> Provided material
-- Opening Marker --

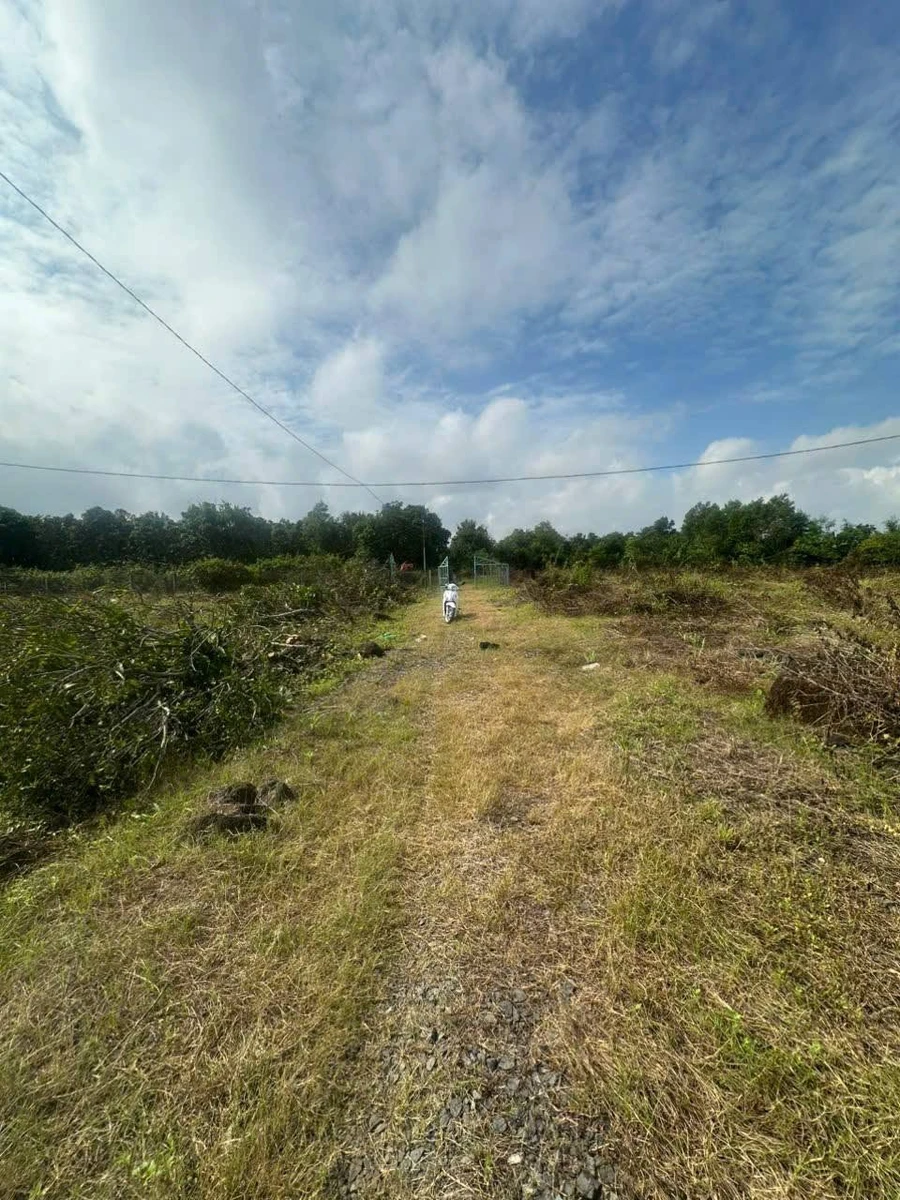 Bán đất 22.225m2 Ấp 1, Thanh Sơn, Định Quán, Đồng Nai giá 1,8 tỷ - Ảnh 1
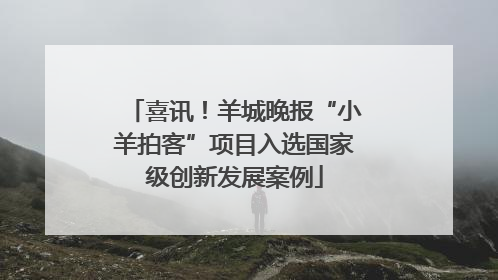 喜讯！羊城晚报“小羊拍客”项目入选国家级创新发展案例
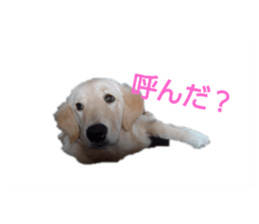 428670667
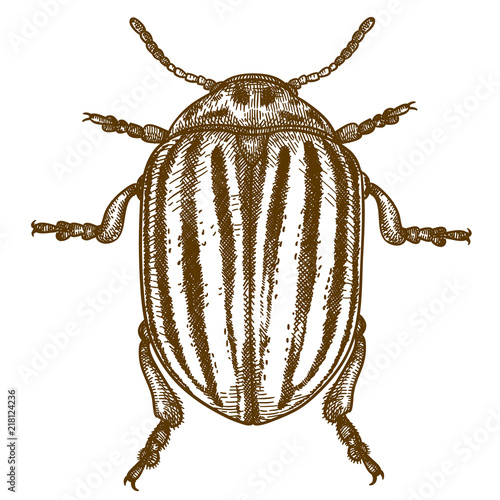 engraving  illustration of Colorado beetle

-- Closing Marker --

> Exercise instructions
Exclude all images and return the listing word for word.

> Written solution
 Bán đất 22.225m2 Ấp 1, Thanh Sơn, Định Quán, Đồng Nai giá 1,8 tỷ - Ảnh 1
 喜讯！羊城晚报“小羊拍客”项目入选国家级创新发展案例
 428670667
 engraving  illustration of Colorado beetle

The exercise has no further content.